__YOUR ASSIGNMENT__.
Give back exactly the lines from the one containing "this 414×311 image." through the end of the records, including both, and no others.

==== INFORMATION PROVIDED ====

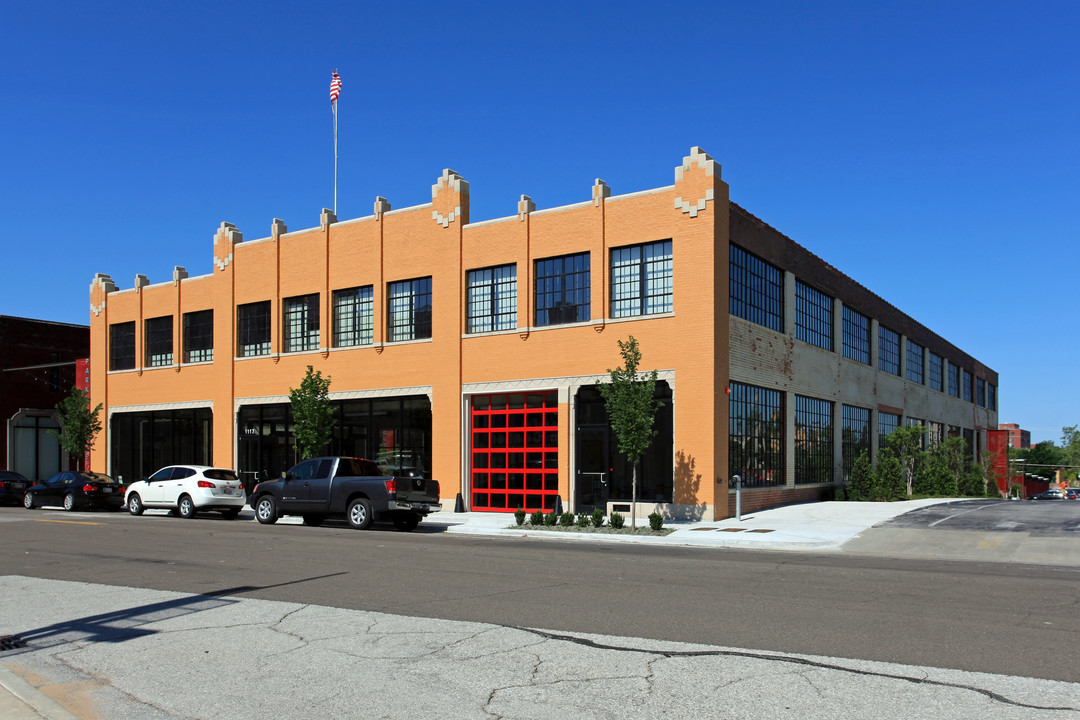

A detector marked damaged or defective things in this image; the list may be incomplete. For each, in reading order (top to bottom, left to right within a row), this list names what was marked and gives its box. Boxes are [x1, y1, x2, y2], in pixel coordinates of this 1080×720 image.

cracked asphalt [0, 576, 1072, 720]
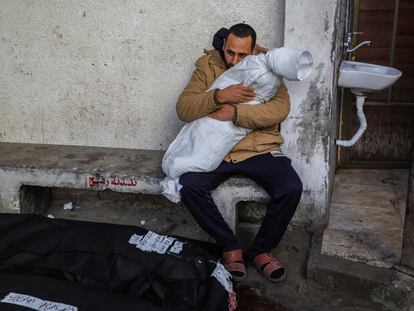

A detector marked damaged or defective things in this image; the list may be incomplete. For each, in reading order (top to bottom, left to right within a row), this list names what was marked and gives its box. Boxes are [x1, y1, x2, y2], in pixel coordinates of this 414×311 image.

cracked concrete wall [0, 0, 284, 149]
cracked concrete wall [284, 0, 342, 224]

====

__TASK RESULT__.
A detector marked damaged or defective things in this image; the list may be incomplete. For each, in reading order (top to bottom, left to right within a row), this list names what was marked and gives its box. Boxes are [x1, y1, x2, y2], in pixel coordinates of this 414×311 image.

cracked concrete wall [0, 0, 284, 149]
cracked concrete wall [284, 0, 342, 224]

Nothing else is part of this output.